Unistrut on threaded rod V ally ladder
*Pro,* Unistrut Bends less than cheap ladder and more than expensive ladder in the vertical direction over longer span, adjustable for width of log (this is important see below), stronger fixing to log ends
*Con,* Unistrut is MUCH heavier than ladder, twists more than ladder but can be held firm with strong fixing to log, more expensive than cheap ladder - less than expensive ladder

Overall the unistrut is better than the ladder provided I don't have to carry the unistrut too far.



> With my ladder set up, I find that when trying to mill with the pith, one end of the ladder sits in the air, so to speak. The big heavy powerhead either sags one side, or the chain draws the ladder into the log, invariably making an un-level cut. Obviously, when the whole ladder sits on the trunk of the log, the rungs support the ladder, making a level, even cut the entire length...



Here is what I do with rails.

1) Place ladder on log and using a screwdriver mark the bar either sides of the rungs or all thread rod
2) Remove ladder and cut notches in the top of the log between the marks
3) Replace ladder and make sure that most of the ladder legs are resting on trunk.
Clamp the ends of the ladder to the log - clamping mechanism shown in post 2 above.

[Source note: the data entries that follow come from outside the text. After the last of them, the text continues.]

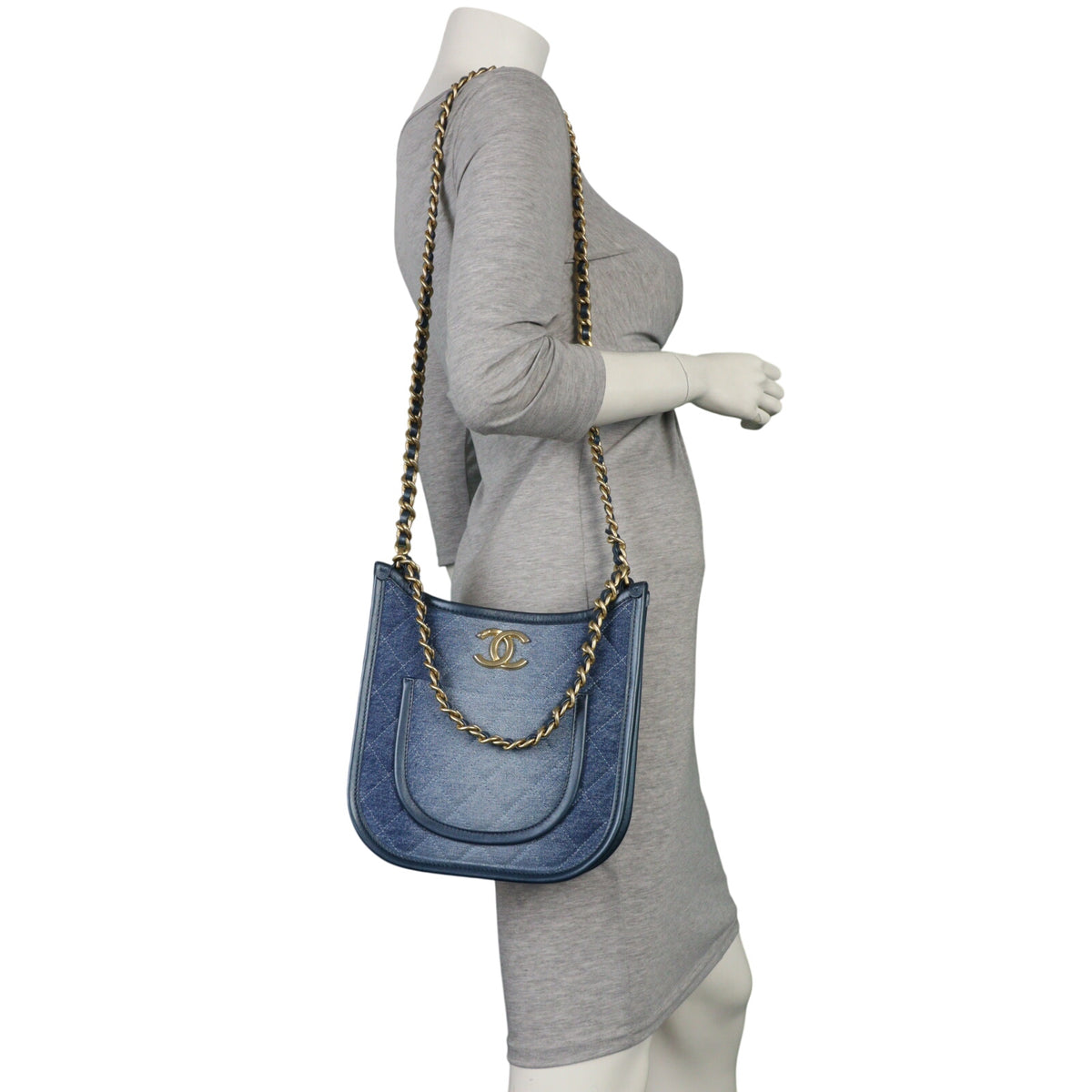 Chanel CC Hobo Denim_IMG_4267.jpeg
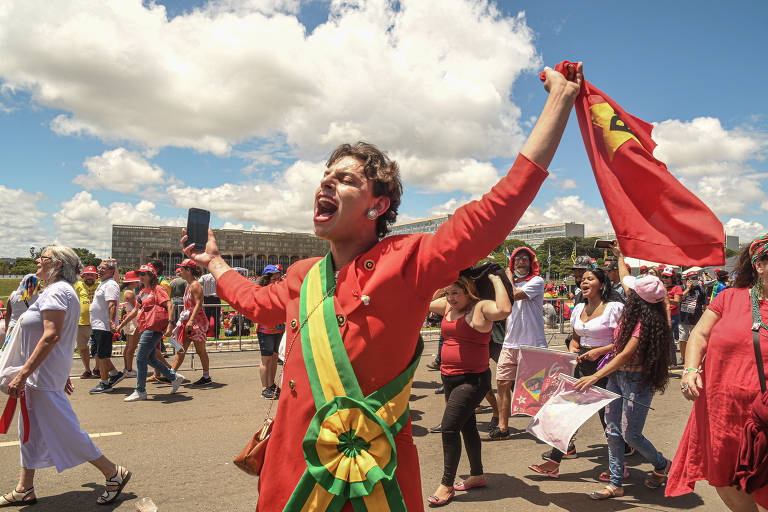Apoiador "vestido de Dilma Houssef" na festa para posse na Esplanada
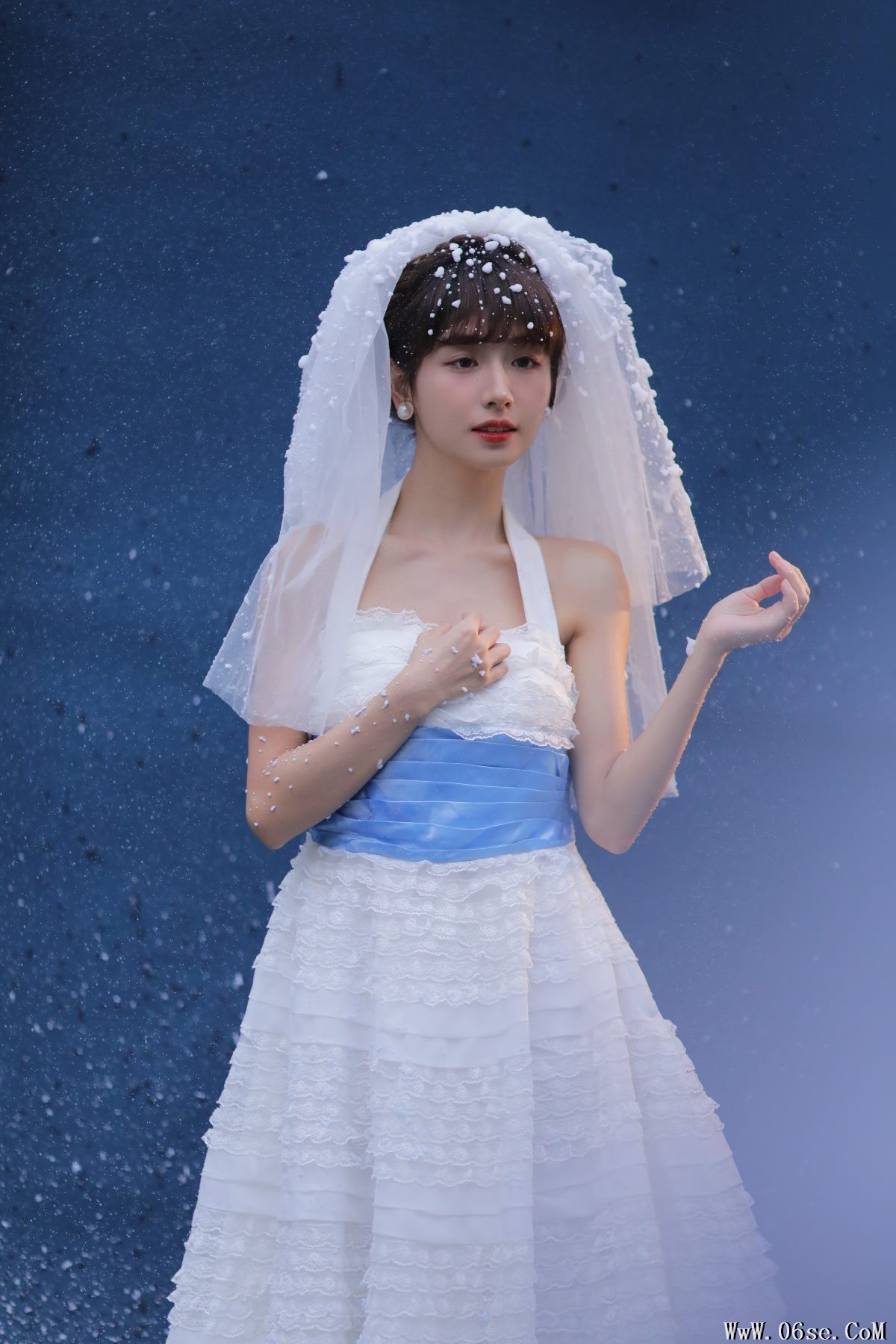 图片[17]-YiTuYu艺图语 Vol.3117 Gu Lin X[24P]-六色网
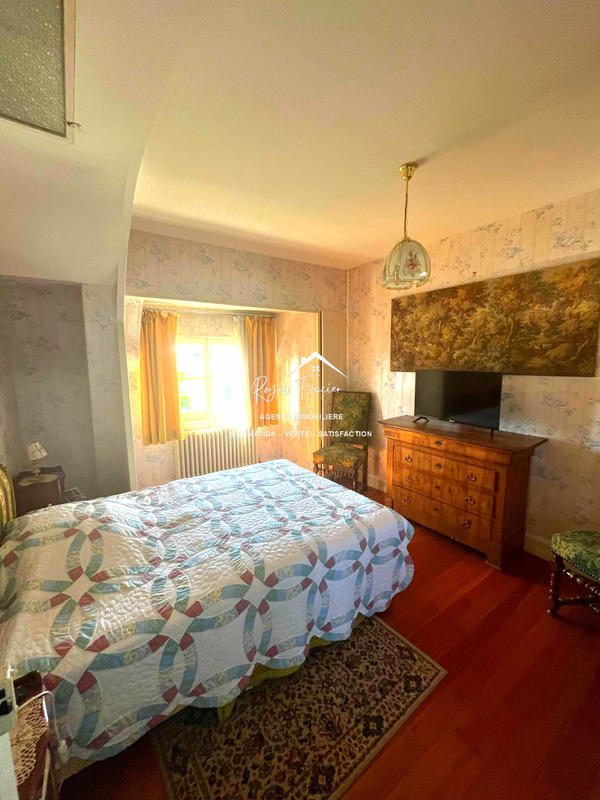 Maison ancienne - 120 m² - 7 pièces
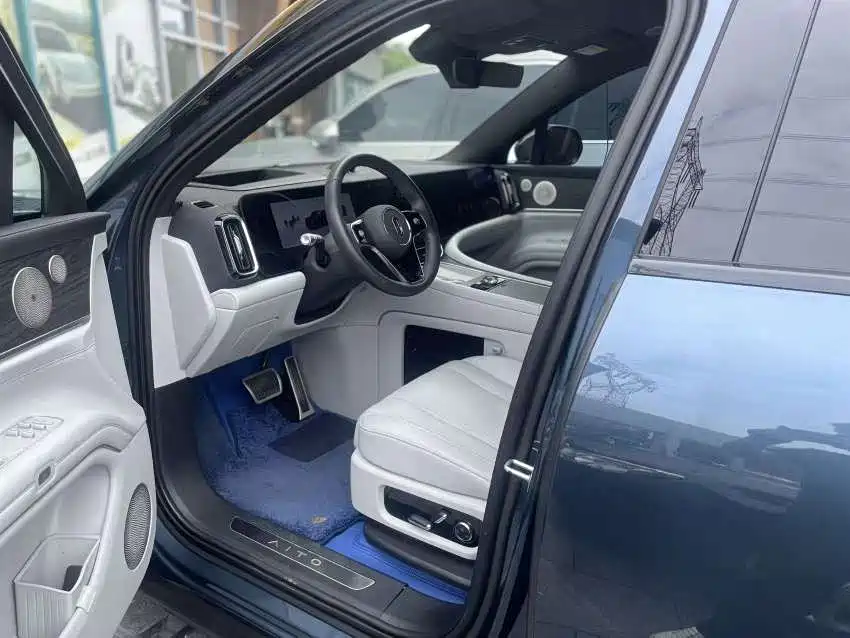 AITO Wenjie AITO M9 2024 Pure Electric Ultra 100kWh 6-Seater фото 11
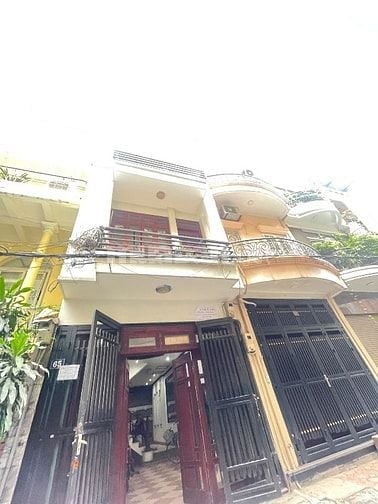 Bán Nhà Phân Lô Xã Đàn-Hồ Nam Đồng Dtxd58m2 Mt 7mx6T oto 18 tỷ.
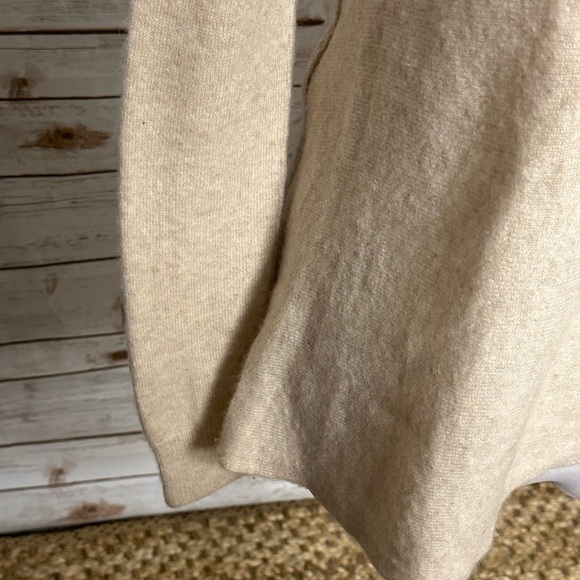 Sutton Studio cream V-neck cashmere sweater - Picture 3 of 5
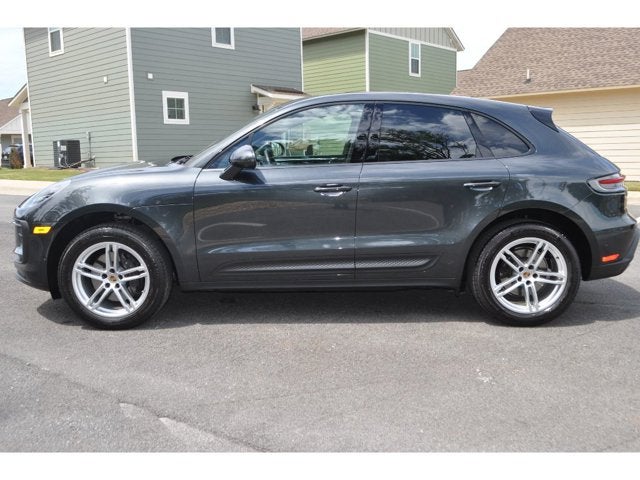 2023 Porsche Macan Base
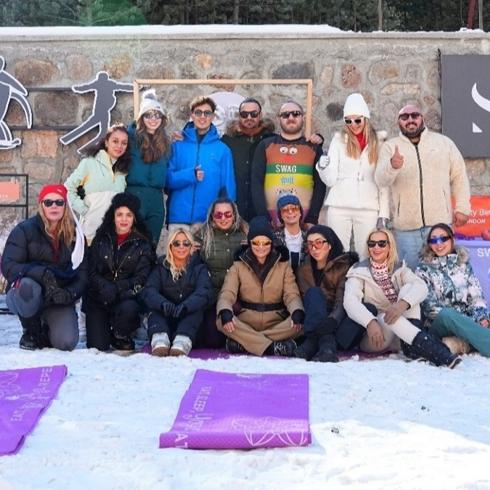 2625 Metre Yükseklikte “Snow Yoga” Deneyimi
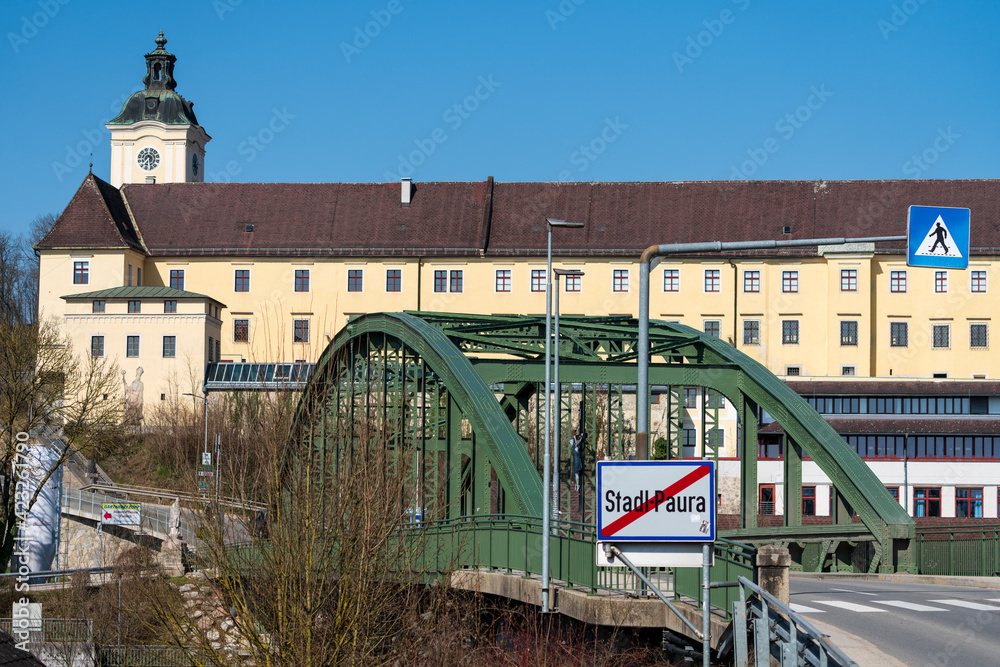 Fototapeta premium Stadl Paura Ortsende im Hintergrund Lambach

To stop the powerhead from slamming the mill into the ladder (a flaw with most mills!) you need a different mill design with wheels - like this. 





By making the rails narrower than the log the wheels on the verticals ensure the mill hits the log before the powerhead hits the rails.

When milling the top half of the log the black wheels stop the mill from contacting with the rails.
When milling the bottom half of the log wheels are needed in a different place - like the white ones shown here. The location of the white wheels need to be adjustable to cope with different thickness slabs/boards









Details here - make sure you read to the end of the thread.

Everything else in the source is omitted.